Go to the line containing "Kongresna biblioteka obelezava" below; retype it and all following lines exactly, and leave out the pictures.
─── Provided material ───
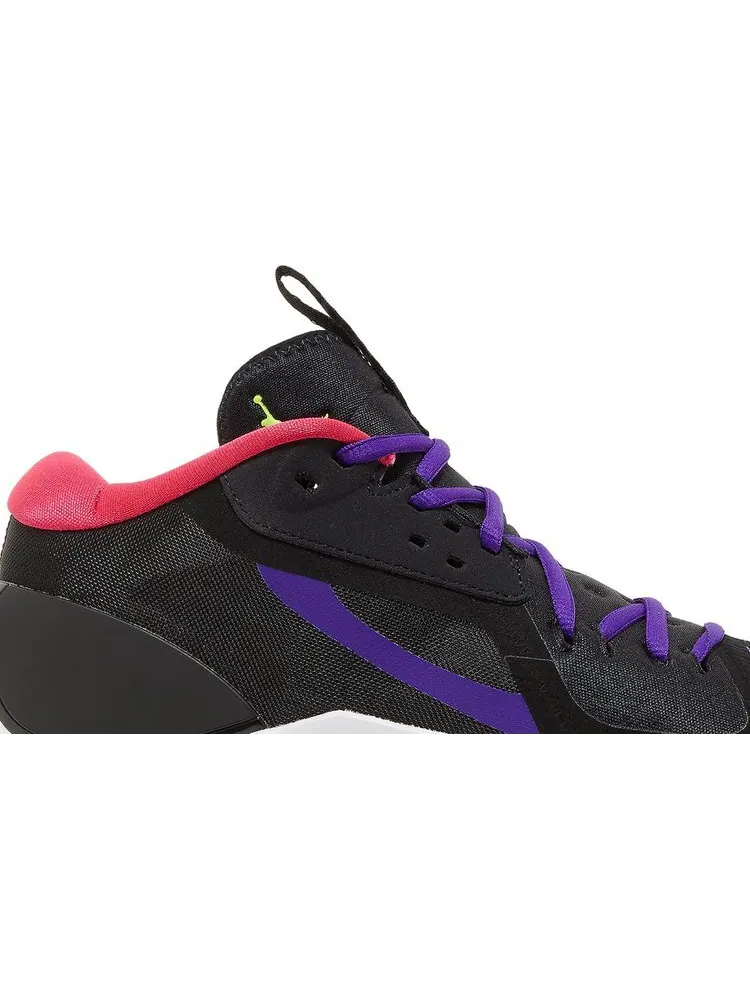 Кроссовки Jordan Zoom Separate Chaos — изображение 2 из 8, черный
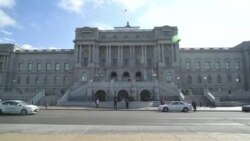 Kongresna biblioteka obelezava 218 godina postojanja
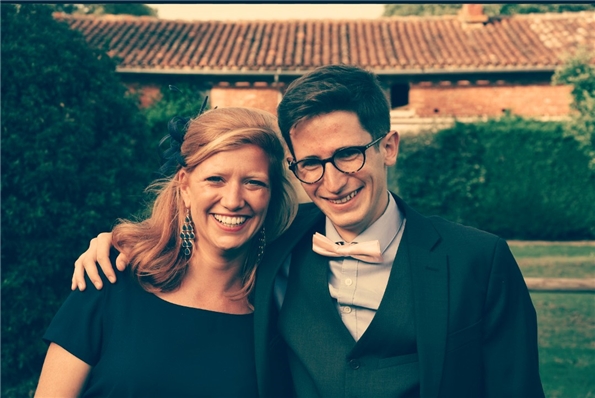 Bienvenue sur le site de notre mariage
───
Reply to the task:
 Kongresna biblioteka obelezava 218 godina postojanja
 Bienvenue sur le site de notre mariage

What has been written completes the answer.